Nationalgeographic.co.id—Saat ini, Manhattan merupakan salah satu pusat ekonomi dunia. Jantung dari komersialisasi dunia, industri dan budaya modern berkembang pesat di sana. Sebuah kota metropolis yang luar biasa bernilai di era modern.
Tapi pernahkan terbayangkan, jika Manhattan yang luar biasa hari ini pernah ditukar oleh kolonialis Belanda dengan sebuah pulau terpencil di Maluku? Hal ini membawa kita pada rentang sejarah yang jauh ke belakang.
Meski banyak ilmuwan dan pengamat kebudayaan yang menilai Manhattan merupakan ibu kota dunia karena keluar biasaannya, pada tahun 1667, Belanda bertaruh sebaliknya. Mereka menukar Manhattan dengan Run di wilayah Timur Hindia.
Pada tahun 1600-an, "Belanda menjalankan strategi yang sudah dikenal untuk menghasilkan uang, yaitu dengan mengejar rempah-rempah," tulis Robert Howells kepada History of Yesterday berjudul The Dutch Traded Manhattan For What?, terbitan 30 April 2024.
Run, sebuah pulau di kepulauan Hindia—kini dikenal sebagai Indonesia, merupakan lokasi utama—dalam beberapa kasus menjadi satu-satunya lokasi—dalam produksi pala dan fuli yang sangat berlimpah.
Meskipun rempah-rempah berlimpah di Run, tidak begitu diperhitungkan dalam perdagangan lokal. Namun dalam perdagangan mancanegara, pala dapat dibeli dengan harga murah di Kepulauan Banda, tetapi jika dijual di Eropa, nilainya naik sekitar 32.000 persen!
Pala diyakini cukup kuat untuk menjadi afrodisiak—zat yang mampu meningkatkan gairah seksual—yang kuat dan bahkan dapat menyembuhkan Wabah Hitam.

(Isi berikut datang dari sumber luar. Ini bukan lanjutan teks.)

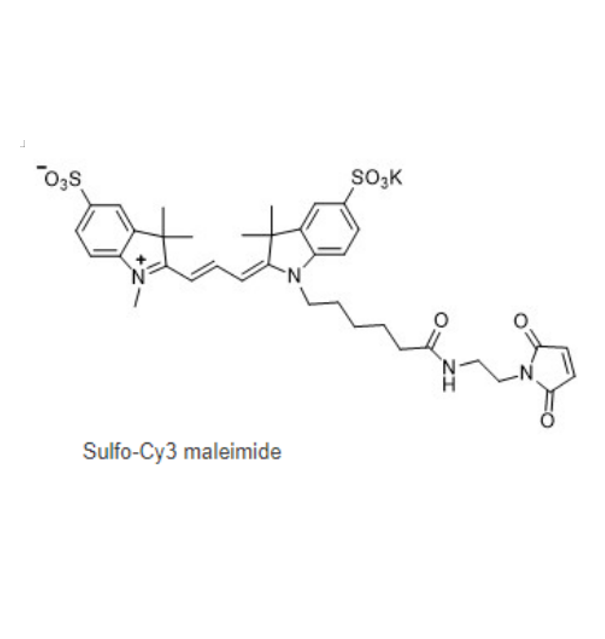 磺酸基-Cy3马来酰亚胺  sulfo-cy3-maleimide的产品科普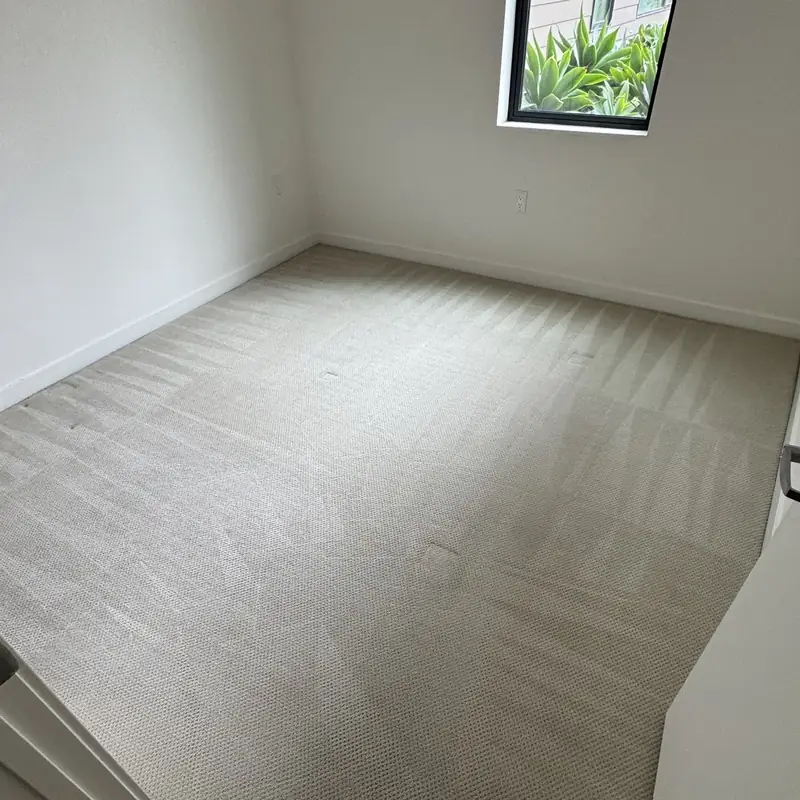 Bedroom carpet after hot water extraction cleaning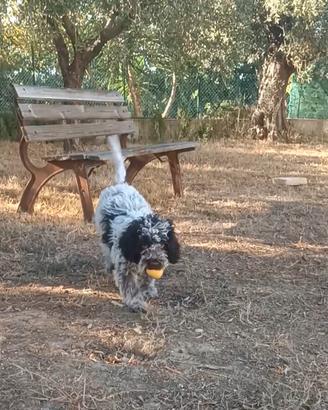 Cucciolo di Lagotto Romagnolo con Pedigree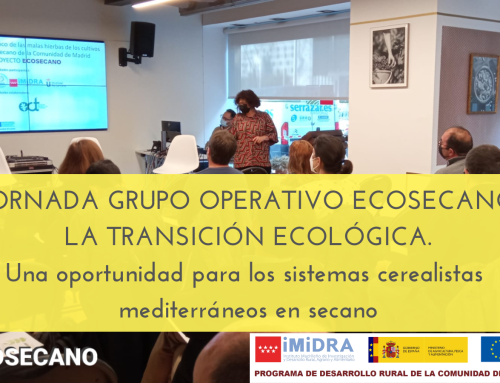 Jornada GO ECOSECANO: Una oportunidad para los sistemas cerealistas mediterráneos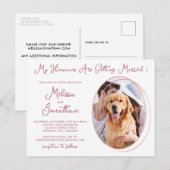 Carte Postale Rose photo pour animaux de compagnie budget Faire- (Devant / Derrière)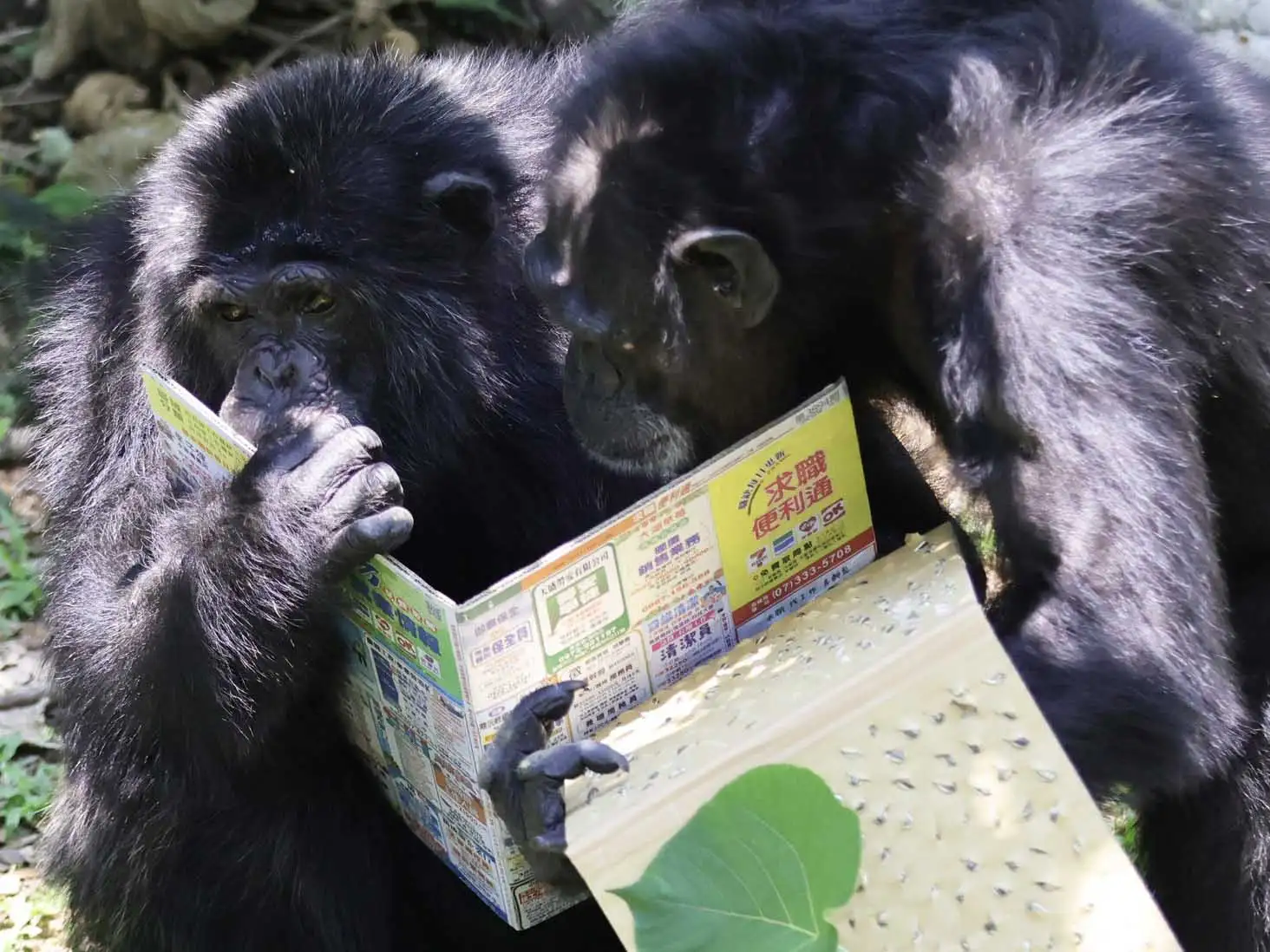 黑猩猩「莉忠」及「美珍」品嚐藏在工作職缺欄裡的葵瓜子(圖/高雄市觀光局提供)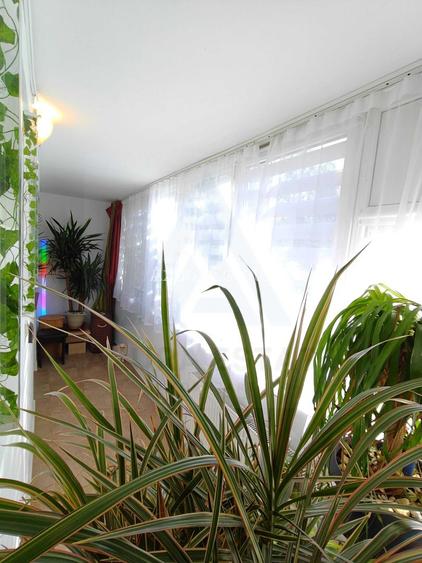 Apartament cu 2 camere bucatarie inchisa si balcon in zona Hipodrom 2 - 8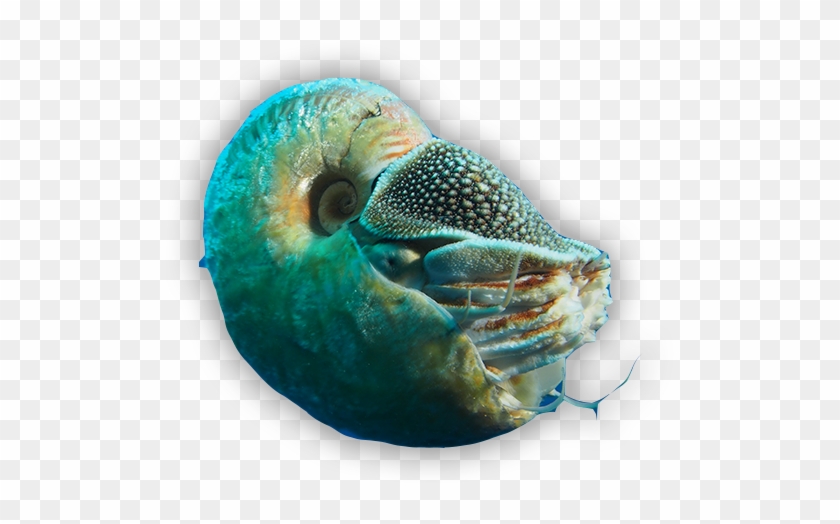 The Nautilus Is A Cephalopod A Family Including Octopi, - Marine Biology Clipart #4949916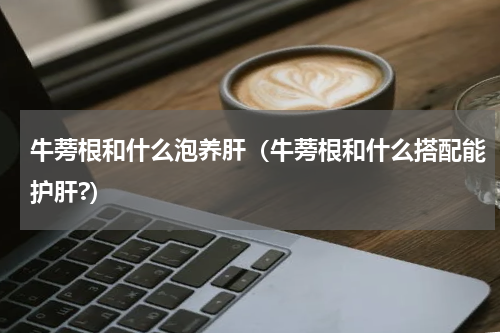 牛蒡根和什么泡养肝（牛蒡根和什么搭配能护肝?）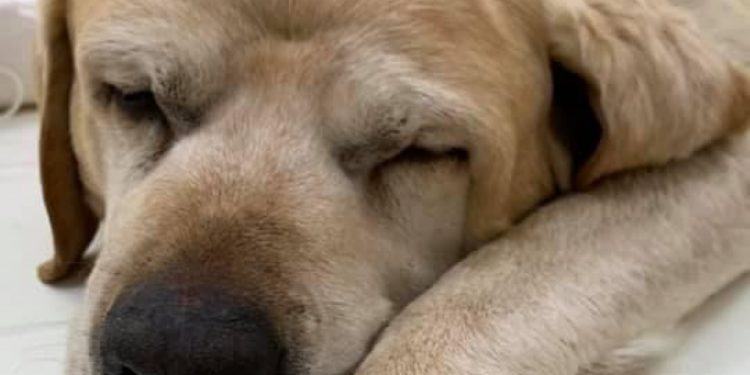 Orrore in provincia di Latina: labrador ucciso a bastonate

Sebaliknya, di tahun 1667—sebelum dikenal dengan Manhattan—Nieuw Amsterdam merupakan koloni kecil Belanda dengan jumlah penduduk dua ribu orang. Wilayah yang belum menunjukkan harapan apa pun akan seperti apa nantinya.
Pada masa-masa itu, Manhattan atau Nieuw Amsterdam berada di bawah kekuasaan Belanda, merupakan daerah berhutan. Roda penggerak ekonomi utama mereka adalah perdagangan kulit binatang.
Penduduk asli Amerika yang ada di sana memperjual-belikan kulit binatang yang mereka buru dari hutan, khususnya berang-berang. Mereka berburu di hutan untuk mendapatkan barang-barang yang bisa mereka jual di pasar.
Tahun yang cukup sulit bagi Manhattan. Meskipun topi yang dibuat dari kulit berang-berang cukup populer di Eropa, tidak ada harapan bahwa topi itu dapat menggantikan kebutuhan pala di Eropa, sekaligus penggerak dan sumber pendapatan ekonomi.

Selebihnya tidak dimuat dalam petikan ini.